TASK PROMPT
Only the lines from the line containing "MLP IN FROSTY!!!!" through the final line of the entries should be printed, exactly as given, with the pictures left out.

Dataset excerpts
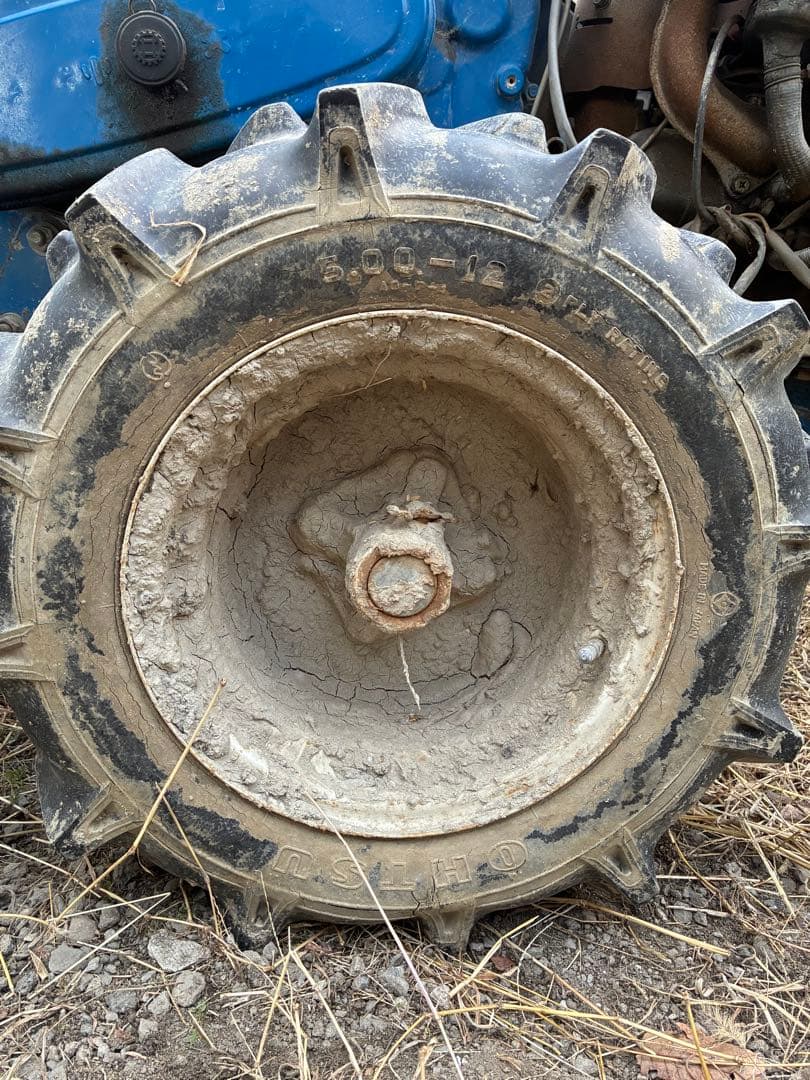 ISEKI SS70C−G耕運機7馬力￼ディーゼル エンジン青/赤 動作確認済み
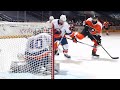 Varlamov shuts out the flyers in game 1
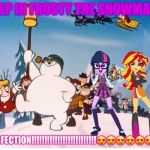 MLP IN FROSTY!!!! | MLP IN FROSTY THE SNOWMAN:; PERFECTION!!!!!!!!!!!!!!!!!!!!!!!!!😍😍😍😍😍😍😍 | image tagged in mlp in frosty | made w/ Imgflip meme maker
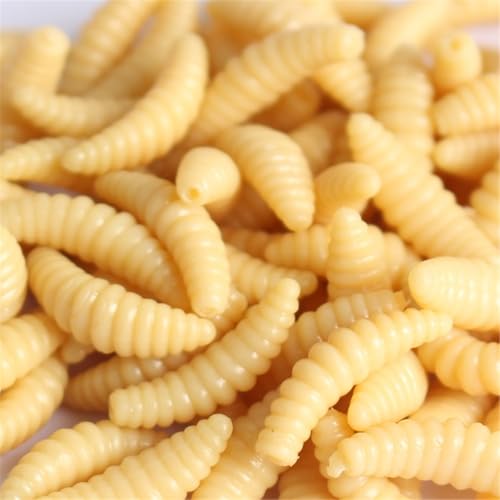 50pcs De Silicona Suave De La Tierra Cebos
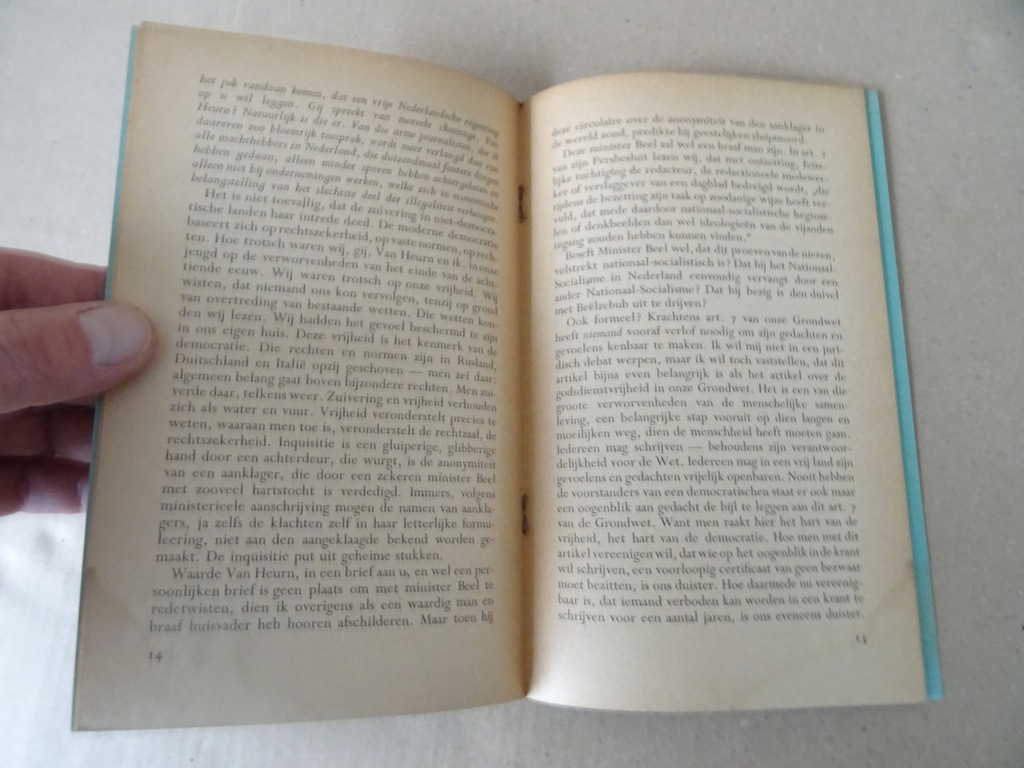 H. A. Lunshof Moderne Inquisitie WO2 - Afbeelding 6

RESPONSE FOR THIS EXERCISE
 MLP IN FROSTY!!!! | MLP IN FROSTY THE SNOWMAN:; PERFECTION!!!!!!!!!!!!!!!!!!!!!!!!!😍😍😍😍😍😍😍 | image tagged in mlp in frosty | made w/ Imgflip meme maker
 50pcs De Silicona Suave De La Tierra Cebos
 H. A. Lunshof Moderne Inquisitie WO2 - Afbeelding 6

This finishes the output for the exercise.